最近スピリチュアリムに敏感になってきた。ただし、現実主義のスピリチュアリズム。全てに因果応報があり、一番のヒーラー(癒し)は自分自身を大切にすること。食べ物は身体をつくり、運動が筋肉をつくり、睡眠がエネルギーを蓄え、発する言葉は精神と習慣をつくり、周りの環境や人々に影響を与える。自然な波紋の効果であり、同様にライフスタイルは音楽スタイルと深く繋がっている。当たり前でも忘れがちなことで、曲作りを始めて以来、最近初めてこれらのことを強く意識している。

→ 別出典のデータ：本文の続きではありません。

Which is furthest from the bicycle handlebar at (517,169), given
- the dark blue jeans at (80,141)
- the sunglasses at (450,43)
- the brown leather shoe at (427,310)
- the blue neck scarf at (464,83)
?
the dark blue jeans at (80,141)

この3年で、エレクトロなど様々な音源にチャレンジしてきた。イギリスの流行を意識して、才能あるプロデューサーたちとコラボし、2枚のEPとシングルをリリースし、貴重な体験になった。でも自分のライフスタイルはエレクトロではないと気付いたのだ。美しい田舎町に住み、澄み切った空気を吸う。空気、これも食事や睡眠と同じぐらい大事なもの。東京で生まれ育ち、ロンドンの大学に通ってきたので、雨の後や春の訪れの時期に、微妙に空気の匂いが変わることも、生まれて初めて知ったのだ。週末クラブに行ったり化学的な物を摂取することもしない。このアルバムは、そんなオーガニックな今の生活そのものを象徴した作品になった。 外国人の視点で、何気ないイギリスの日常生活を切り取る。開放感と閉塞感、繋がりと孤独、平凡さと奇抜さ...鏡に映し出された2つの世界のように、イギリスの文化や暮らしを描く。ビジネスのことはいっさい考えず、完全に音楽性優先で作った。本来そうあるべきなのに、長年忘れていたものを取り戻したのだ。

曲ごとのセルフライナーノーツ

Ripples - 『愛の波紋より広く』この曲は、因果応報、言動は、予想以上に大きく周りに広がっていくことを表現している。その波紋の中心は、何よりも、大きな愛であるべき。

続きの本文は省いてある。